German citizens emerged in 1945 with a unique shame that would remain in their culture for decades. The damage of WWII continues to carry effects, from veterans' psychological damage to unexploded ordnance still found across former battlefields. These stories, from those who experienced a post-war Germany, paint the picture of a grieving culture fighting to rebuild the communities they helped eradicate.

  • Entire Communities Suffered From PTSD

    Entire Communities Suffered From PTSD
    Photo: Colegio de San Juan de Letran / Wikimedia Commons / CC BY-SA 4.0

    From Redditor /u/OneRedBeard:

    After [WWII], the country suffered from collective PTSD... We were a broken, defeated, extinguished people in 1945. 60 million human beings suffering from PTSD. And knowing that not only did you lose... but also that you were on the wrong side. On the wrong side of morality, of humanity, of history.

    We were the bad guys. There was no pride. Just the knowledge that we were at rock bottom, and rightfully so.

  • Many German Veterans Never Recovered From The Physical And Mental Torment

    From Redditor /u/sw66sw:

    Both my grandfathers were [involved], of course. One was younger and got drafted in '40. For his troubles, he came home with an alcohol problem and tuberculosis he caught in a POW camp. I never met him. He had three children with the wife he beat during one of his "episodes" and [passed] shortly after the youngest was born, leaving a young widow with three small children and three elderly relatives, with no money, to fend for herself.

    The other one served from the first day to the last, poor sod, and then was a POW for two years (luckily with the Americans). He had shrapnel in his body for the rest of his life, caught malaria in the Russian swamps or maybe in Africa with Rommel, that plagued him until he was an old man and had to have half his stomach removed because he had so many stomach ulcers. Lost a toe in the snow in Norway.

  • There Was The Omnipresent Fear That It Could Happen Again

    There Was The Omnipresent Fear That It Could Happen Again
    Photo: von Vitavia / Wikimedia Commons / CC BY-SA 4.0

    From Redditor /u/sw66sw:

    [My grandfather] told me his... stories - first the funny ones and then, the older I got, they got more and more terrible. "Don't forget," he'd say, "but don't tell anyone about this." He was so ashamed. And so angry, still, 40, 50 years later.

    "They took my best years, those f*cking Nazis."... we must look out for them; it can happen again," "Beware," "Pay attention to politics! Speak up," "we couldn't stop them ... maybe you can, next time."

    I had it hammered into my brain, over and over and over.

  • Virtually Every German Citizen Was Affected By The Conflict

    From Redditor /u/Aetrion:

    When I was growing up in Germany in the '80s and '90s, you could ask any old person about [WWII] and they would tell you about the horrors they had seen, the friends they lost, the neighbors who disappeared...

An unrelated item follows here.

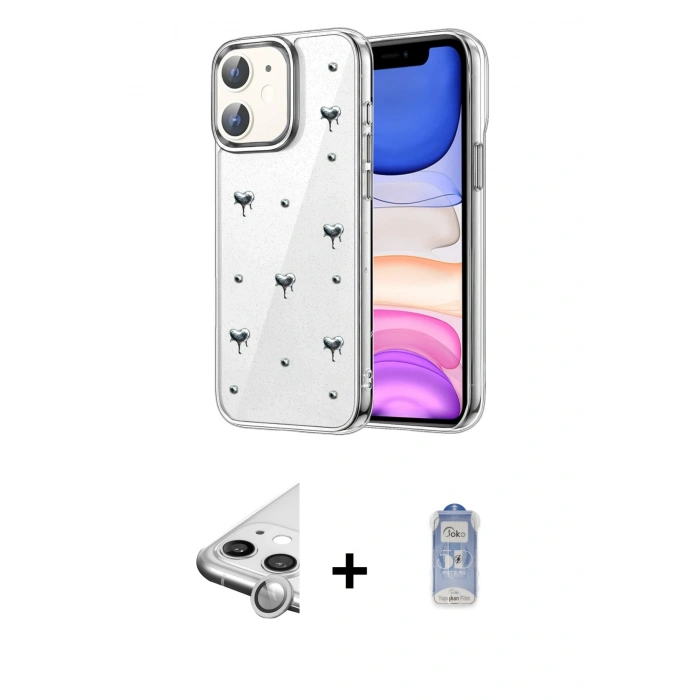 MARSİLYAN™- iPhone 11 Kılıf Yörünge Form - Siyah Joko Magic 5D Cam + Raze Metal Kamera Lens - GS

    My grandma used to tell us about how her mother would scoop up phosphorous bombs with a snow shovel and throw them in a garbage can full of water. One time she recounted a story of a girl having her throat torn out by attack dogs in front of her. She said some friends died because they played with unexploded scatter bombs that looked like pens and still yelled at us when we were kids and picked up anything in the streets because you'd never know if it was dangerous. 

  • Many German Citizens Were Separated From Their Families

    Many German Citizens Were Separated From Their Families
    Photo: Photo Library And Archives Of Canada / Good Free Photos / Public Domain

    From Redditor /u/Youngladyof95:

    It was only me and my parents that came over [to America]. Some aunts and uncles came over to the US in 1943. Prior to that, they were interned in Cuba because the US would only allow so many ships to dock and immigrants to come in.

    My grandfather, on the other hand, was killed in Holland by the Nazis. He was thrown down a flight of stairs.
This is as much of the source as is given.